Our grease comes from our friend's sushi restaurant so it's all from tempura which is really clean and clear. True it doesn't do a great job in winter when it's cold, there's a slight mod for a fuel warmer but it doesn't do well when it's cold and needs time to warm up-usually it's half diesel and half bio then.
Some history of biofuels.. from
http://www.arborbiofuels.com/bio_history.htmlIn 1898, when Rudolph Diesel first demonstrated his compression ignition engine at the World's Exhibition in Paris, he used peanut oil - the original biodiesel. Diesel believed biomass fuel to be viable alternative to the resource consuming steam engine.
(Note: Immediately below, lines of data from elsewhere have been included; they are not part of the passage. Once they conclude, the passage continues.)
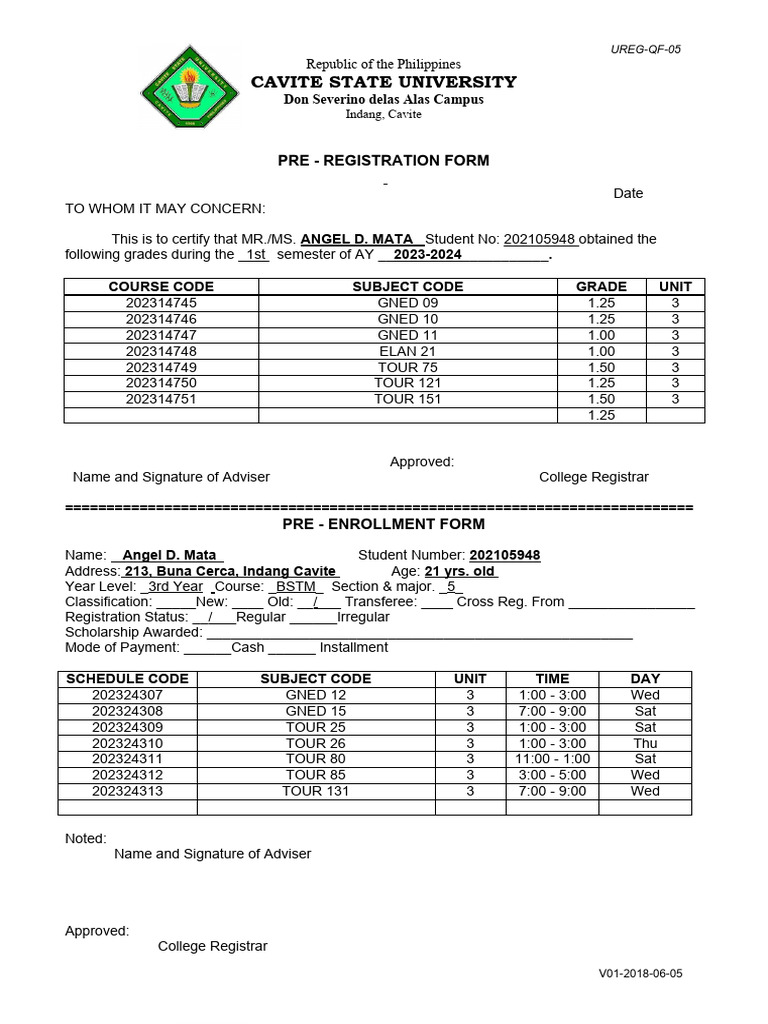 UREG Form | PDF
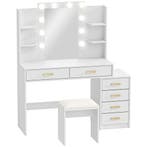 Kaptafel Met Verlichte Spiegel En Gestoffeerde Kruk, Make-up, Verzenden, Nieuw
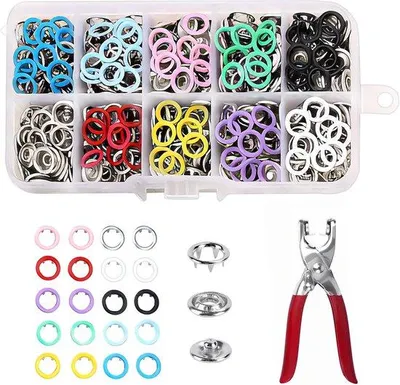 Image de Lot de 200 boutons-pression, 10 couleurs, pour vêtements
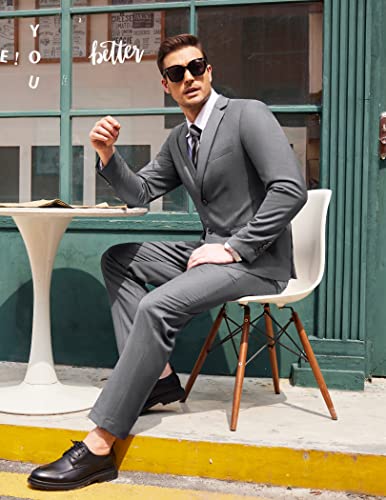 COOFANDY Men's 2 Piece Suits Classic Fit 2 Button Dress Suits Tuxedo Jacket Blazer Suit for Wedding Dinner Prom Grey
Vegetable oils were used in diesel engines until the 1920's when an alteration was made to the engine, enabling it to use a residue of petroleum - what is now known as diesel #2.
Diesel was not the only inventor to believe that biomass fuels would be the mainstay of the transportation industry. Henry Ford designed his automobiles, beginning with the 1908 Model T, to use ethanol. Ford was so convinced that renewable resources were the key to the success of his automobiles that he built a plant to make ethanol in the Midwest and formed a partnership with Standard Oil to sell it in their distributing stations. During the 1920's, this biofuel was 25% of Standard Oil's sales in that area. With the growth of the petroleum industry Standard Oil cast its future with fossil fuels. Ford continued to promote the use of ethanol through the 1930's. The petroleum industry undercut the biofuel sales and by 1940 the plant was closed due to the low prices of petroleum.
Despite the fact that men such as Henry Ford, Rudolph Diesel, and subsequent manufacturers of diesel engines saw the future of renewable resource fuels, a political and economic struggle doomed the industry. Manufacturing industrialists made modifications to the diesel engines so they could take advantage of the extremely low prices of the residual, low-grade fuel now offered by the petroleum industry. The petroleum companies wanted control of the fuel supplies in the United States and, despite the benefits of biomass fuel verses the fossil fuels, they moved ahead to eliminate all competition.